Try it: Return each line of the data below verbatim; pictures are to be left out.

Given data:

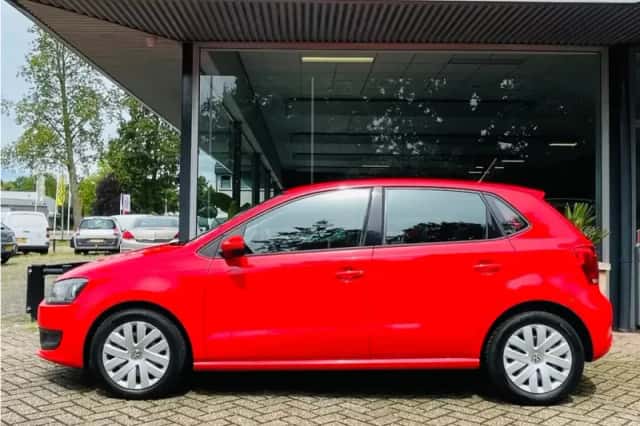 Volkswagen Polo (2010) thumbnail 2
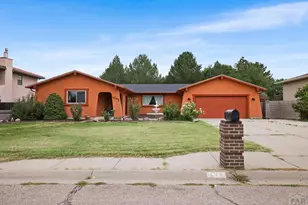 172 Encino Dr, Pueblo, CO 81005 - Photo 1
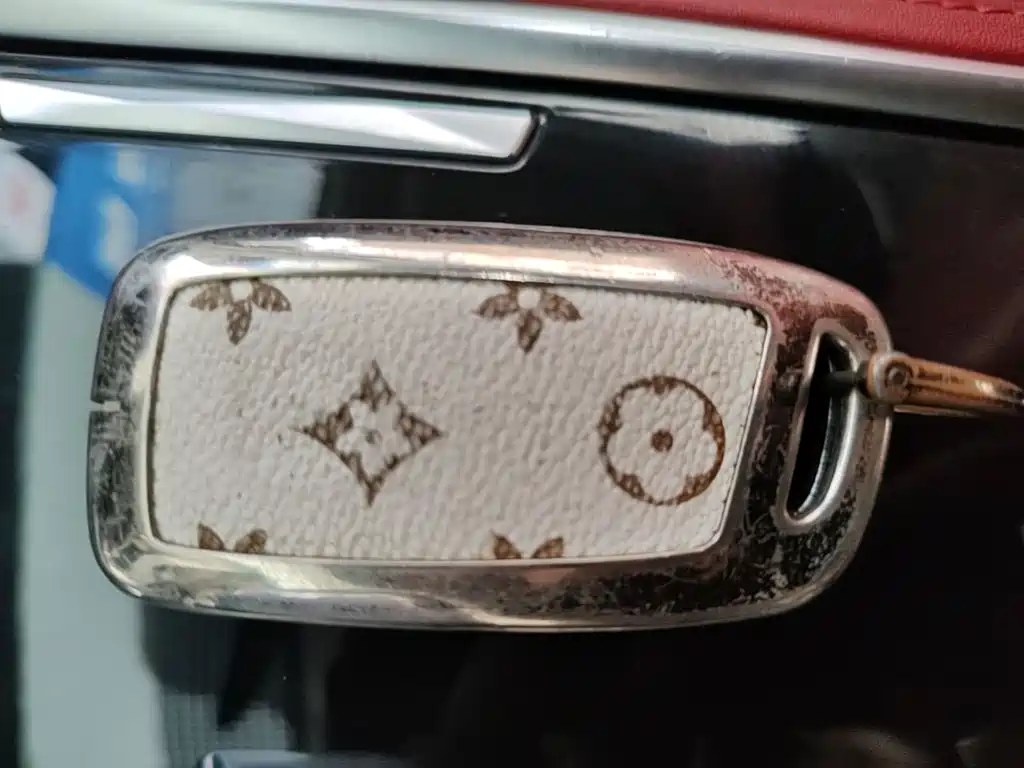 Photo 9 - Changan CS85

Solution:
 Volkswagen Polo (2010) thumbnail 2
 172 Encino Dr, Pueblo, CO 81005 - Photo 1
 Photo 9 - Changan CS85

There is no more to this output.